3. Beoordeling van de aanvraag
3.1.
Als grondslag voor een herziening kan, voor zover hier van belang, krachtens het eerste lid aanhef en onder c van art. 457 Sv slechts dienen een door bescheiden gestaafd gegeven dat bij het onderzoek op de terechtzitting aan de rechter niet bekend was en dat het ernstige vermoeden wekt dat indien dit gegeven bekend zou zijn geweest, het onderzoek van de zaak zou hebben geleid hetzij tot een vrijspraak van de gewezen verdachte, hetzij tot een ontslag van alle rechtsvervolging, hetzij tot de niet-ontvankelijkverklaring van het openbaar ministerie, hetzij tot de toepassing van een minder zware strafbepaling.
3.2.
De aanvraag berust op de stelling dat uit de bij de aanvraag gevoegde verklaring van [betrokkene 1] blijkt dat [betrokkene 2] is teruggekomen op haar eerder in het opsporingsonderzoek afgelegde verklaring.
3.3.
Vooropgesteld dient te worden dat een aanvrager bij zijn aanvraag tot herziening aannemelijk moet maken dat en waarom getuigen op een hem belastende verklaring terugkomen.

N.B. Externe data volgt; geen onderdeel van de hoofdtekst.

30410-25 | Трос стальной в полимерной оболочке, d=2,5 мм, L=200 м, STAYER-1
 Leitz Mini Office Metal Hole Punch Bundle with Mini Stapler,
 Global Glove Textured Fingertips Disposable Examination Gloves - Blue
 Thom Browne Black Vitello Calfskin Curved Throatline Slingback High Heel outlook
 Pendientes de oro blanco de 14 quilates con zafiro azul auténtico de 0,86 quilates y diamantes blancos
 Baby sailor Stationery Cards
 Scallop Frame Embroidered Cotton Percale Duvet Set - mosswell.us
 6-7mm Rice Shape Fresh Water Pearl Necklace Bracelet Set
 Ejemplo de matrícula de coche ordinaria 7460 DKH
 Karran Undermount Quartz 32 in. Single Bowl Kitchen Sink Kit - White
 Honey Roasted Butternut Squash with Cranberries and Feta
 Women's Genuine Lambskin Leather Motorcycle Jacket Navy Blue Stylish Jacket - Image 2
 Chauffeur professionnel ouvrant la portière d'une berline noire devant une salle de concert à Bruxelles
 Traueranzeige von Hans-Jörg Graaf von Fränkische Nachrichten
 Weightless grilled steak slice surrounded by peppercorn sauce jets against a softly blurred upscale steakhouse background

In zijn verklaring stelt [betrokkene 1] dat hij van [betrokkene 2] heeft gehoord dat zij terugkomt op haar eerder in het opsporingsonderzoek afgelegde verklaring, welke verklaring het Hof voor het bewijs heeft gebezigd. De aanvraag noch de verklaring van [betrokkene 1] houdt in dat door [betrokkene 2] redenen zijn opgegeven voor het terugkomen op haar eerder afgelegde verklaring. Daarom is er onvoldoende grond om aan te nemen dat deze verklaring onjuist is. De bij de aanvraag overgelegde verklaring wekt derhalve niet een ernstig vermoeden als bedoeld in art. 457, eerste lid aanhef en onder c, Sv.
3.4.
Uit hetgeen hiervoor is overwogen vloeit voort dat de aanvraag kennelijk ongegrond is, zodat als volgt moet worden beslist.
4. Beslissing
De Hoge Raad wijst de aanvraag tot herziening af.
Dit arrest is gewezen door de vice-president A.J.A. van Dorst als voorzitter, en de raadsheren J.P. Balkema en J.W. Ilsink, in bijzijn van de waarnemend griffier E. Schnetz, en uitgesproken ter openbare terechtzitting van 7 juli 2015.
Mr. Balkema en mr. Ilsink zijn buiten staat dit arrest te ondertekenen.